> **YOUR ASSIGNMENT**
Scan the records below for the line with "大家都是熊，为何棕熊一掌能拍死狼王，黑熊却夹着尾巴逃跑？" and the line with "فروش کیلویی به قیمت درب کارخانه", and retype that range exactly, both ends included, pictures excepted.

> **Image-caption web data**
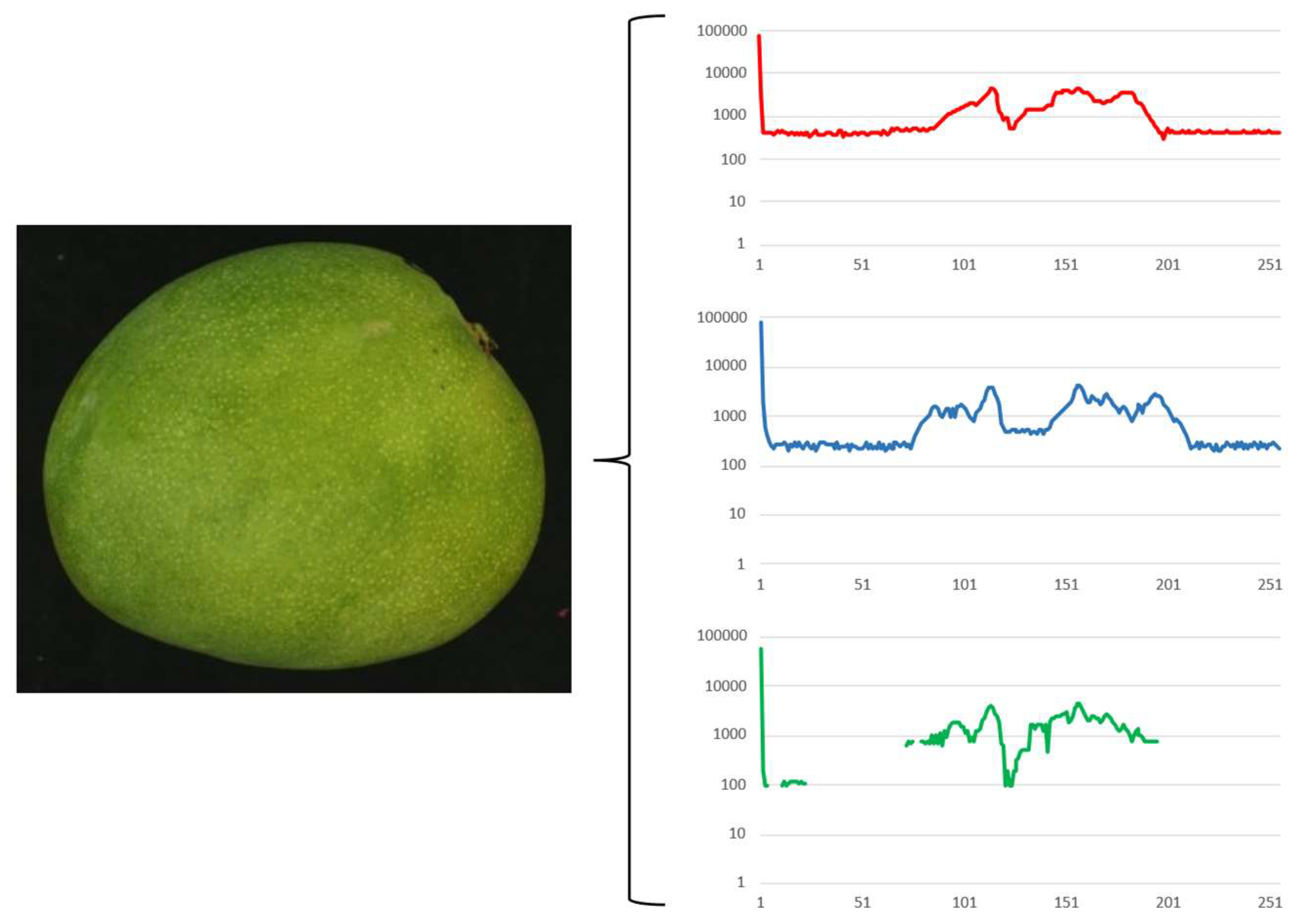 Preprints 98178 g003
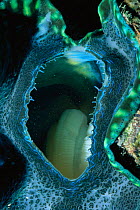 Giant clam close up of exhalent siphon {Tridacna gigas} Great Barrier Reef, Australia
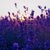 lavender__ thumbnail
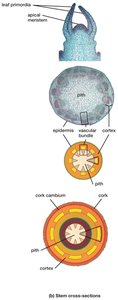 Stem cross-section showing arrangement of vascular bundles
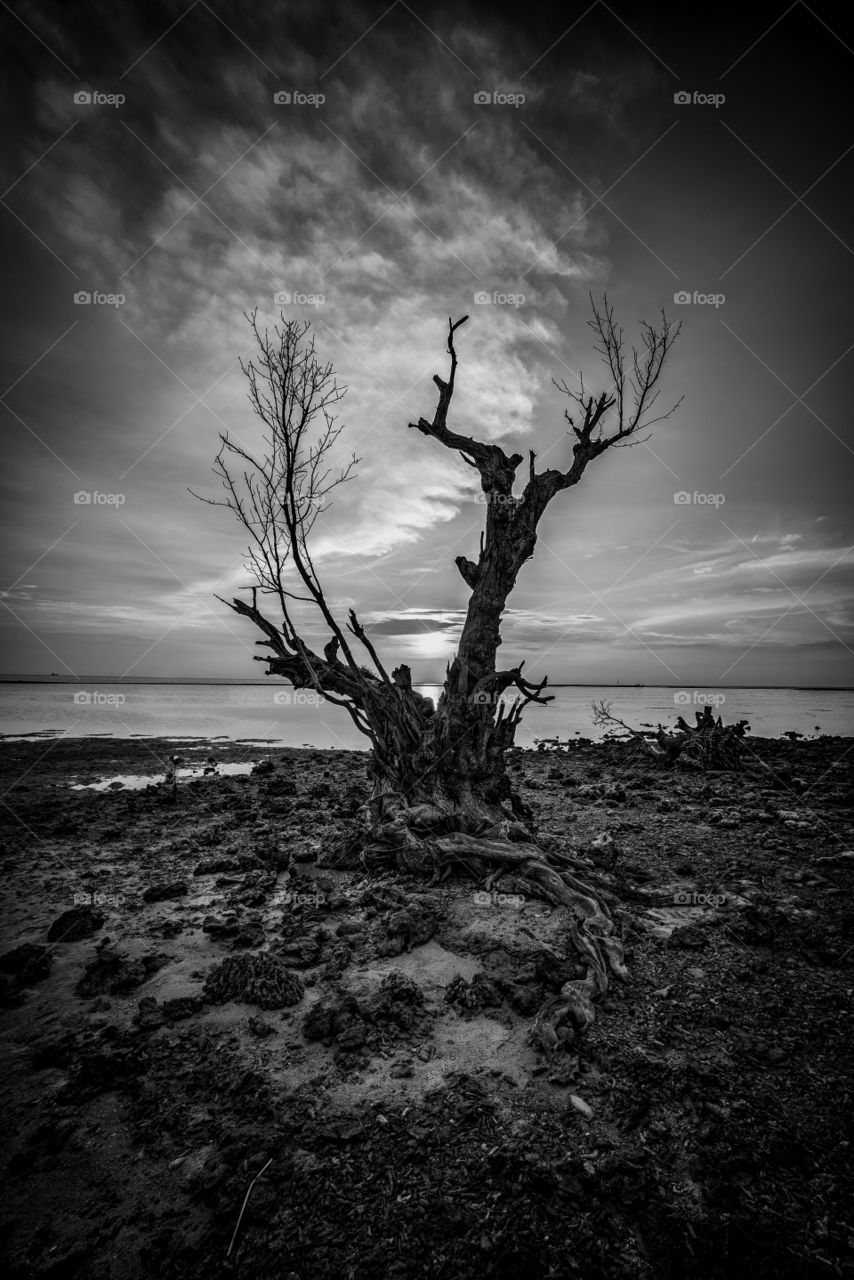The Death Tree in Tidung Island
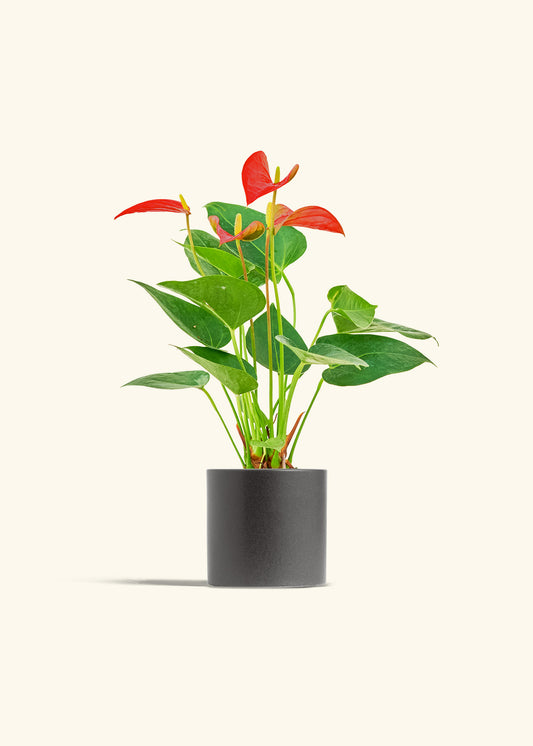 Anthurium Red Flamingo in a 4 inches Charcoal Classic Cylinder Planter 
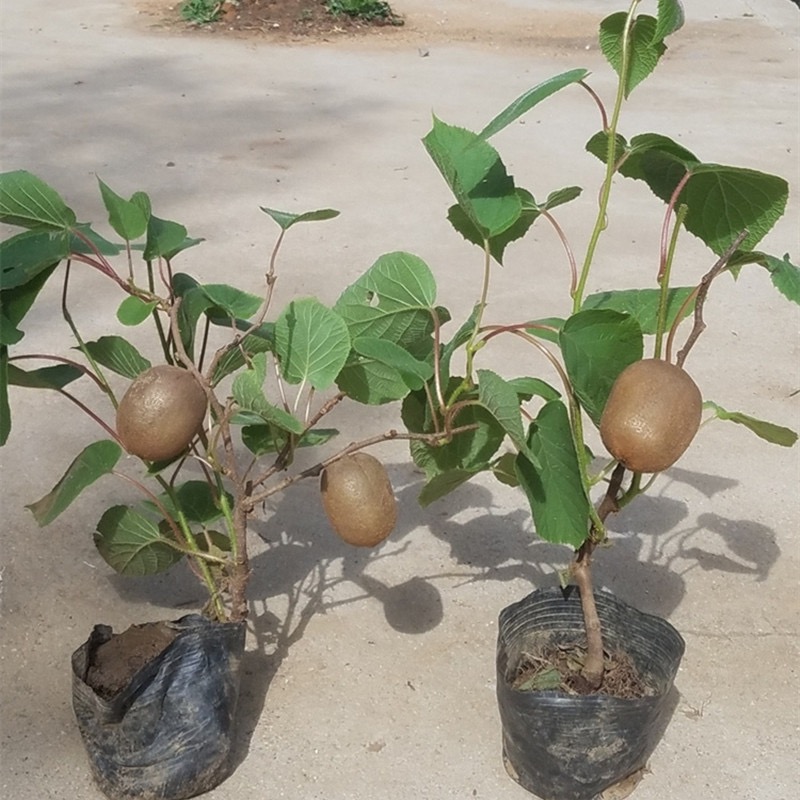 红阳 翠香 海奥德植物种苗南北方皆可种植盆栽地栽都可以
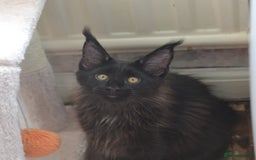 Maine Coon cats for sale: Tica Registered Maine Coon Kittens *ready now* - Image 16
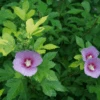PARAPLU ADORNED™ - Rose Of Sharon - Hibiscus Syriacus - Proven Winners - 4" Pot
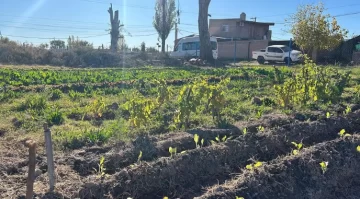 Tuvo sexo con una compañera de trabajo en la Municipalidad, lo descubrieron y lo echaron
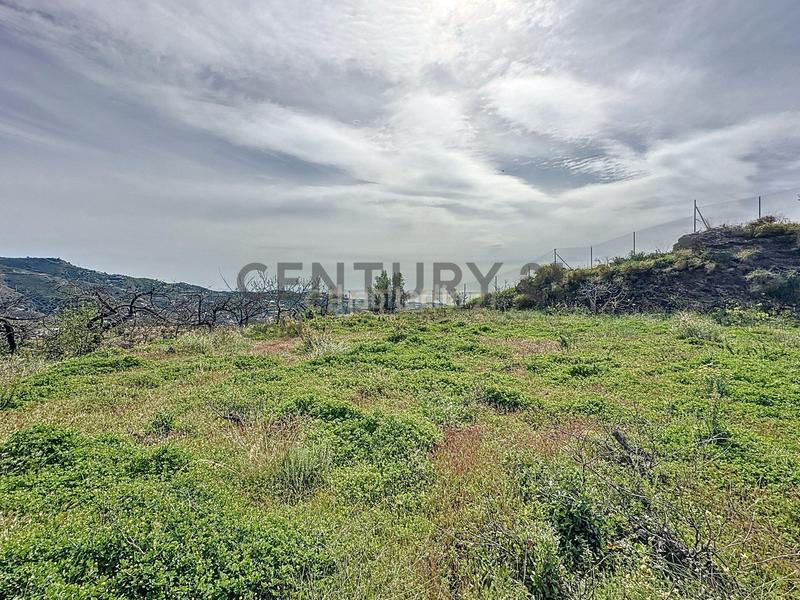 Foto 7cae196f-a830-476c-ad7e-22dc783008f0. Fondo rustico in camino zarzaparrilla - fuente de ariza 183 in Algarrobo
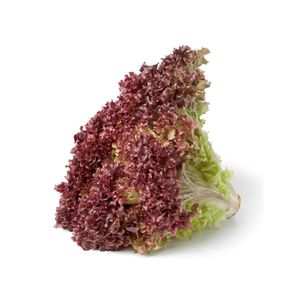 Lechuga Morada Ecológica x120gr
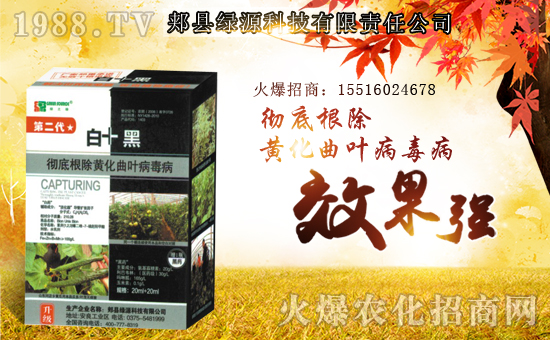 ���GԴ�Ƽ���ף������µ�һ�������w�����������³����f(w��n)��������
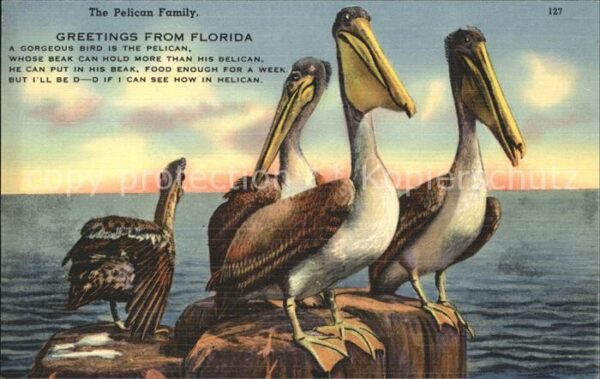 Voegel Pelikane Pelican Family Florida
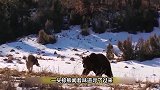 大家都是熊，为何棕熊一掌能拍死狼王，黑熊却夹着尾巴逃跑？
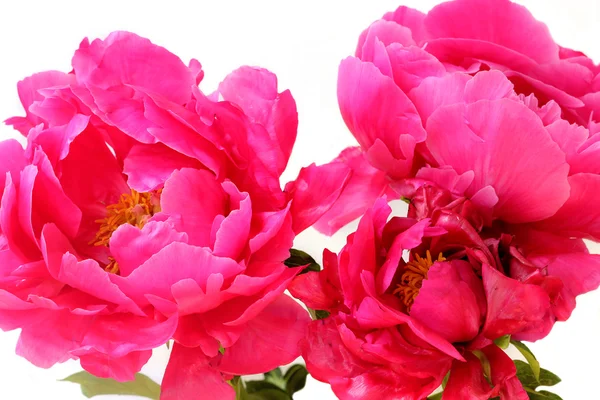 Peony flowers — Stock Photo, Image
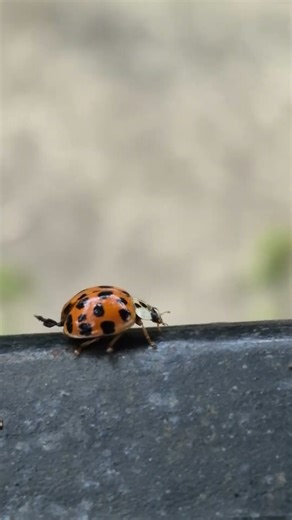 Multicolored asian ladybeetle (Harmonia axyridis)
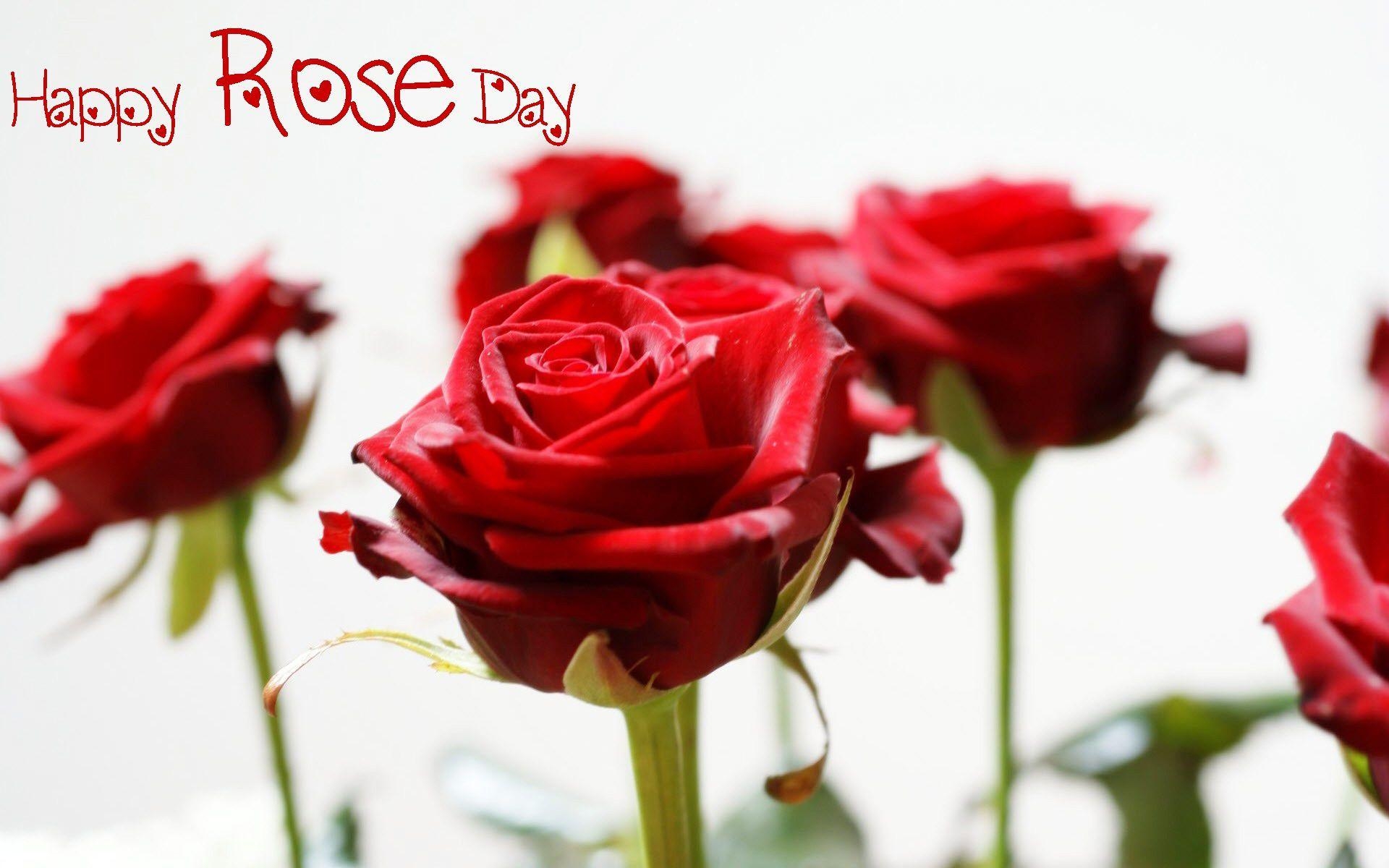 1920x1200 Rose Day Wallpaper for Mobile, Desktop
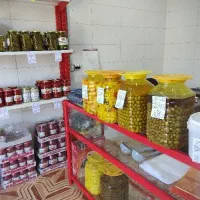 فروش کیلویی به قیمت درب کارخانه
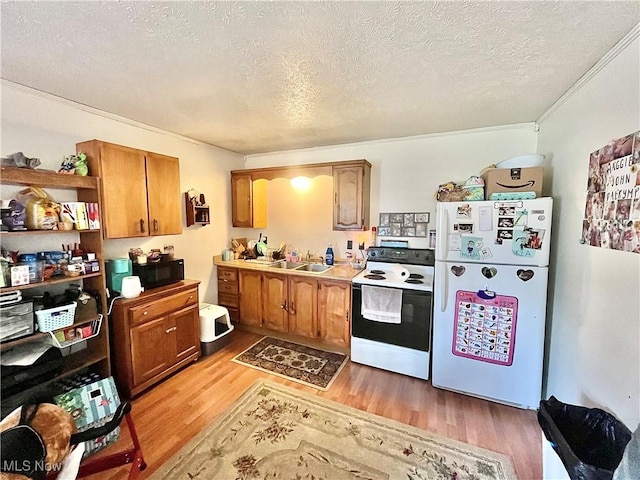 kitchen featuring sink, light hardwood / wood-style flooring, crown molding, a textured ceiling, and white appliances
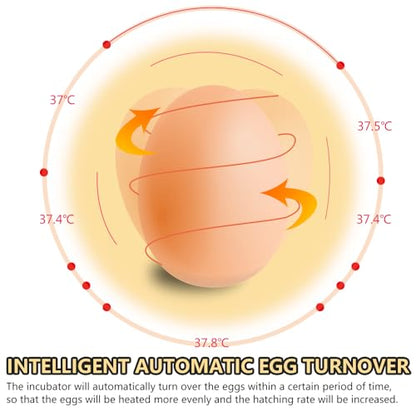 CROSSDESIGN Automatic Digital Egg Incubator 48 Eggs Poultry Hatcher Machine Breeder w/Temperature Control & Auto Turning for Hatching Chicken Duck Goose Quail Birds - size: 48 Eggs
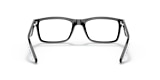 RB5287 OPTICS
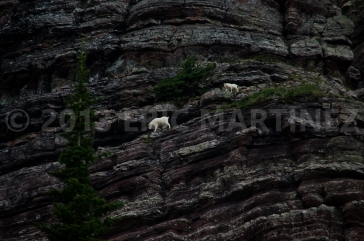 Mountain Goats, Glacier NP, MT
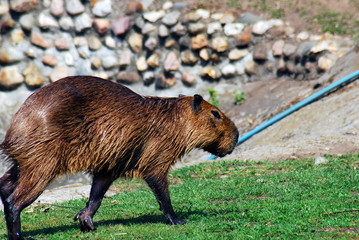 Capybara walks on green grass, stone wall background.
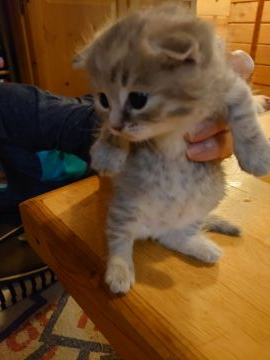 マンチカン(長足)【滋賀県・女の子・2020年10月30日・ブルータビー】の写真「とても愛らしい子猫が生まれました。父親チャンピオン」
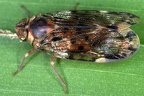 Pentastirini 40 2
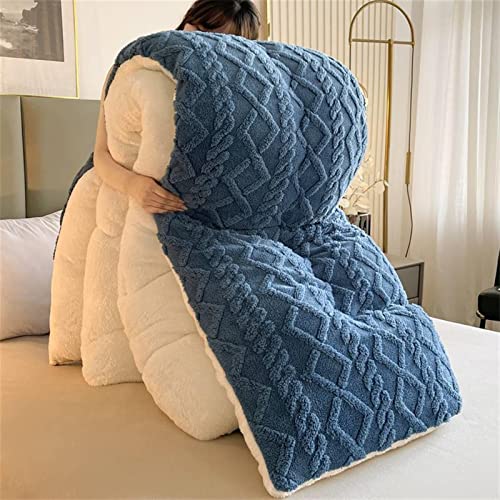 TAUIANE Winterdecke, Doppelseitige Samtdecke, Atmungsaktive WäRmende Flauschige PlüSchdecke, Weiche Winterdecke Aus Dickem Wendbarem PlüSch, FüR Bett Couch Kaltes Wetter,Blau,200×230cm(4kg) von TAUIANE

> **ANSWER SECTION**
 大家都是熊，为何棕熊一掌能拍死狼王，黑熊却夹着尾巴逃跑？
 Peony flowers — Stock Photo, Image
 Multicolored asian ladybeetle (Harmonia axyridis)
 1920x1200 Rose Day Wallpaper for Mobile, Desktop
 فروش کیلویی به قیمت درب کارخانه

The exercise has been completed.